◆ **What needs to be done**: The output consists only of the lines from the one with "Image RENAULT Captur" through the end of the records, each printed exactly, and contains no pictures.

◆ **Information provided**:
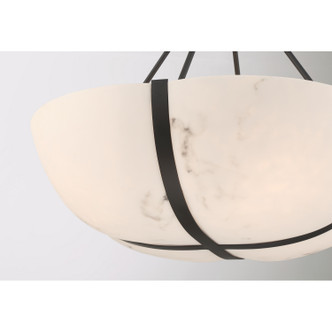 Chalfont Four Light Pendant (7-1451-4-89)
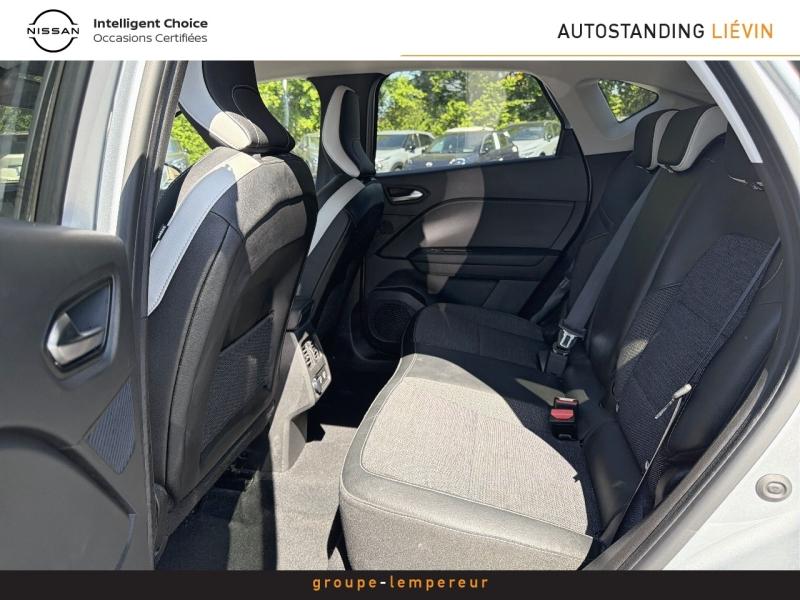 Image RENAULT Captur 1.6 E-Tech hybride 145ch Techno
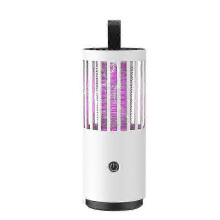Electric Mosquito Killer Rechargeable Mosquito Repellent Fly Trap Outdoor Mosquito Killer Lamp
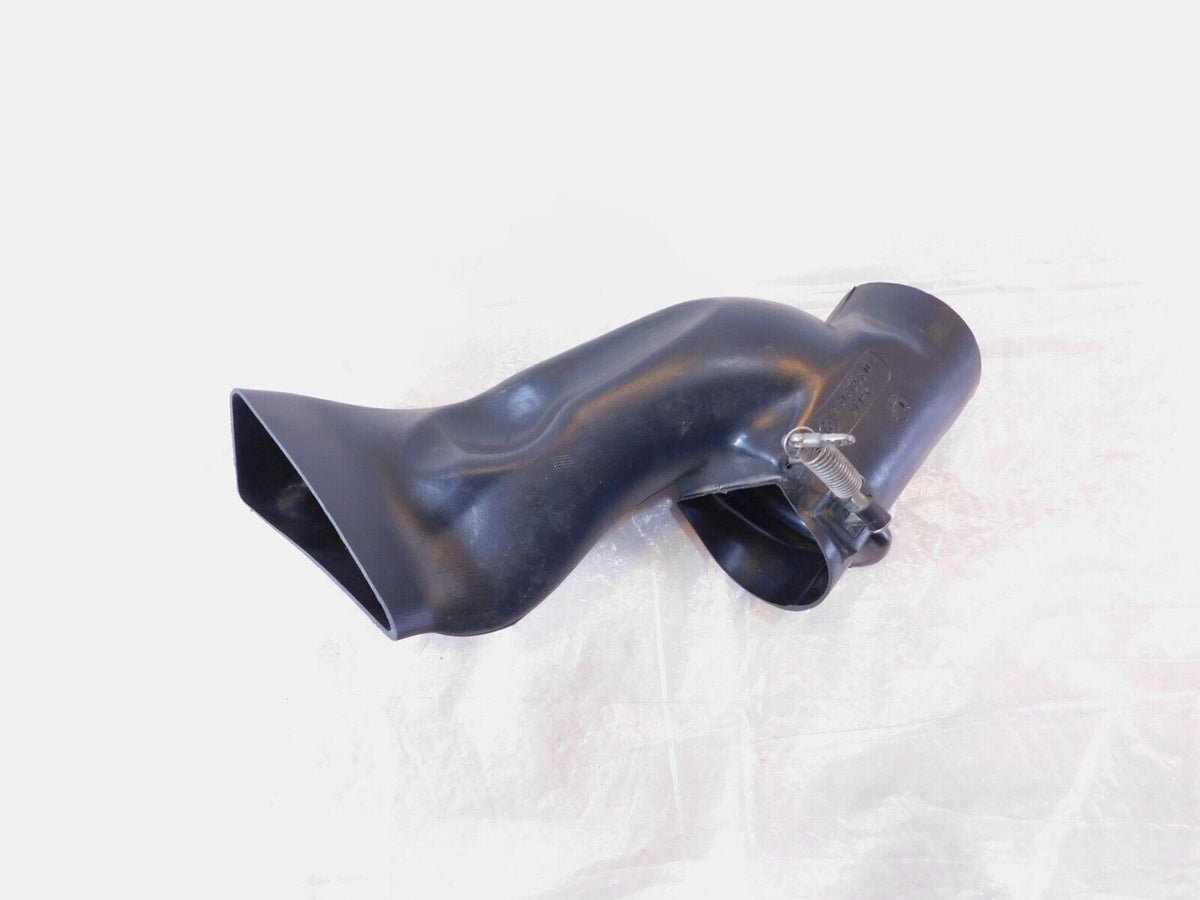 95-02 BMW R1100RT Left Engine Motor Air Intake Cleaner Duct Scoop Pipe - C3 Cycle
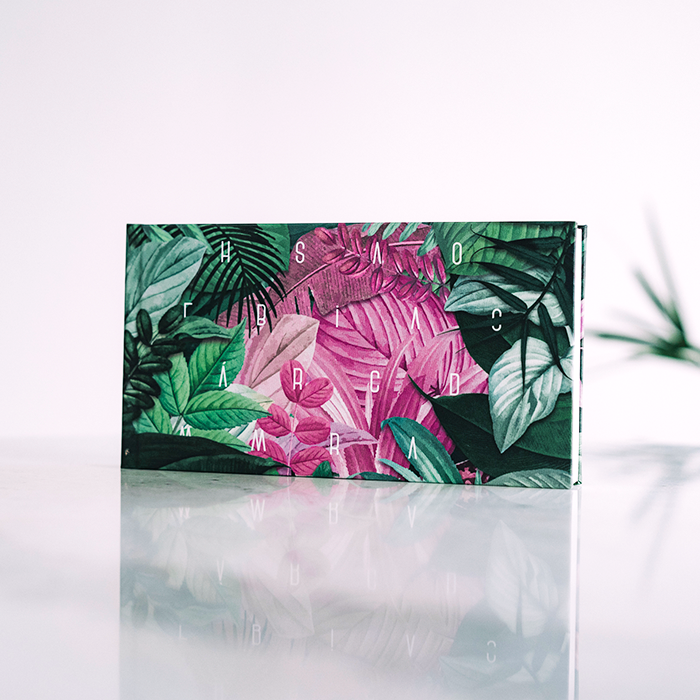 Álbum Amazônia p/ 60 fotos polaroid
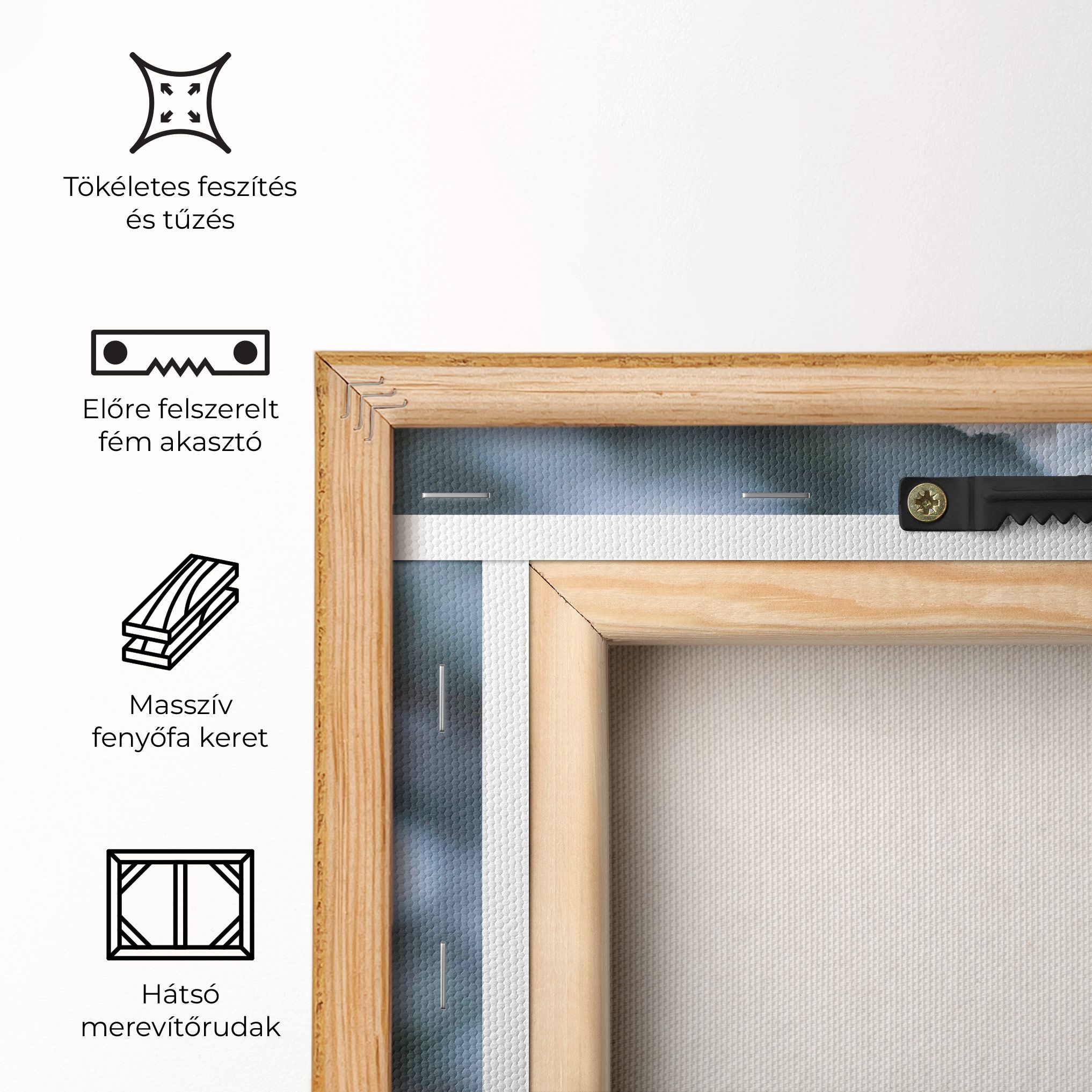 Winter Cones mockup 5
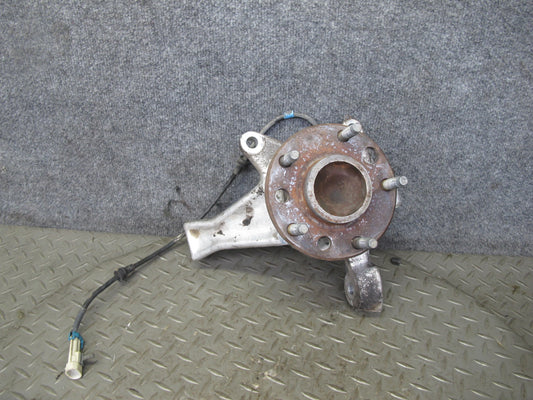 91-96 Chevrolet Corvette C4 Front Left Spindle Knuckle Wheel Hub Bearing OEM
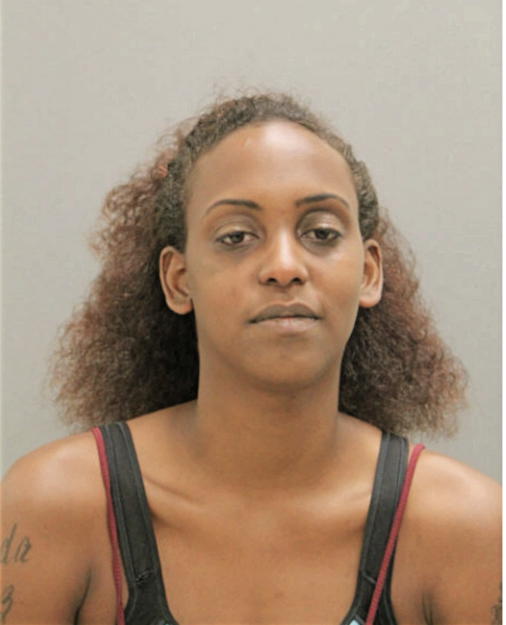 DIVINE HORTON, Cook County, Illinois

◆ **Solved exercise**:
 Image RENAULT Captur 1.6 E-Tech hybride 145ch Techno
Electric Mosquito Killer Rechargeable Mosquito Repellent Fly Trap Outdoor Mosquito Killer Lamp
 95-02 BMW R1100RT Left Engine Motor Air Intake Cleaner Duct Scoop Pipe - C3 Cycle
 Álbum Amazônia p/ 60 fotos polaroid
 Winter Cones mockup 5
 91-96 Chevrolet Corvette C4 Front Left Spindle Knuckle Wheel Hub Bearing OEM
 DIVINE HORTON, Cook County, Illinois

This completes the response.